This article is part of our reviews of AI research papers, a series of posts that explore the latest findings in artificial intelligence.
IBM’s AI research division has released a 14-million-sample dataset to develop machine learning models that can help in programming tasks. Called Project CodeNet, the dataset takes its name after ImageNet, the famous repository of labeled photos that triggered a revolution in computer vision and deep learning.
While there’s a scant chance that machine learning models built on the CodeNet dataset will make human programmers redundant, there’s reason to be hopeful that they will make developers more productive.
Automating programming with deep learning
In the early 2010s, impressive advances in machine learning triggered excitement (and fear) about artificial intelligence soon automating many tasks, including programming. But AI’s penetration in software development has been extremely limited.
Human programmers discover new problems and explore different solutions using a plethora of conscious and subconscious thinking mechanisms. In contrast, most machine learning algorithms require well-defined problems and a lot of annotated data to develop models that can solve the same problems.
There have been many efforts to create datasets and benchmarks to develop and evaluate “AI for code” systems. But given the creative and open nature of software development, it’s very hard to create the perfect dataset for programming.
The CodeNet dataset
With Project CodeNet, the researchers at IBM have tried to create a multi-purpose dataset that can be used to train machine learning models for various tasks. CodeNet’s creators describe it as a “very large scale, diverse, and high-quality dataset to accelerate the algorithmic advances in AI for Code.”
The dataset contains 14 million code samples with 500 million lines of code written in 55 different programming languages. The code samples have been obtained from submissions to nearly 4,000 challenges posted on online coding platforms AIZU and AtCoder. The code samples include both correct and incorrect answers to the challenges.
One of the key features of CodeNet is the amount of annotation that has been added to the examples. Every one of the coding challenges included in the dataset has a textual description along with CPU time and memory limits. Every code submission has a dozen pieces of information, including the language, the date of submission, size, execution time, acceptance, and error types.
The researchers at IBM have also gone through great effort to make sure the dataset is balanced along different dimensions, including programming language, acceptance, and error types.
Programming tasks for machine learning
CodeNet is not the only dataset to train machine learning models for programming tasks. But a few characteristics that make it stand out. First is the sheer size of the dataset, including the number of samples and the diversity of the languages.
But perhaps more important is the metadata that goes with the coding samples. The rich annotations added to CodeNet make it suitable for a diverse set of tasks as opposed to other coding datasets that are specialized for specific programming tasks.
There are several ways CodeNet can be used to develop machine learning models for programming tasks.
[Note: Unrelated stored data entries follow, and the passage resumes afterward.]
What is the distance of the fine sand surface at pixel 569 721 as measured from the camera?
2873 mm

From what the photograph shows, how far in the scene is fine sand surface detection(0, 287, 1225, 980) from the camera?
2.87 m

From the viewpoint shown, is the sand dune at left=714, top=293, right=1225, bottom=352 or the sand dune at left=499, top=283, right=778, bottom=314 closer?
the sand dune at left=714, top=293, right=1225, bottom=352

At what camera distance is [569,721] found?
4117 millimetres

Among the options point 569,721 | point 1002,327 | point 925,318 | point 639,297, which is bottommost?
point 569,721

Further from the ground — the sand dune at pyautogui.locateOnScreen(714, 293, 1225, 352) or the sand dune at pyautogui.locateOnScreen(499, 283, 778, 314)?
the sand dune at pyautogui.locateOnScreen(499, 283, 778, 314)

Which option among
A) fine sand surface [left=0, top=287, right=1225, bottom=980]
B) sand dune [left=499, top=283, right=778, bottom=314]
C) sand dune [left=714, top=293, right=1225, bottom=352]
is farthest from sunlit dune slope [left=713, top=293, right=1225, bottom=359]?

One is language translation. Since each coding challenge in the dataset contains submissions of various programming languages, data scientists can use it to create machine learning models that translate code from one language to another. This can be handy for organizations that want to port old code to new languages and make them accessible to newer generations of programmers and maintainable with new development tools.
CodeNet can also help to develop machine learning models for code recommendation. Recommendation tools could be as simple as autocomplete-style models that finish the current line of code to more complex systems that write full functions or blocks of code.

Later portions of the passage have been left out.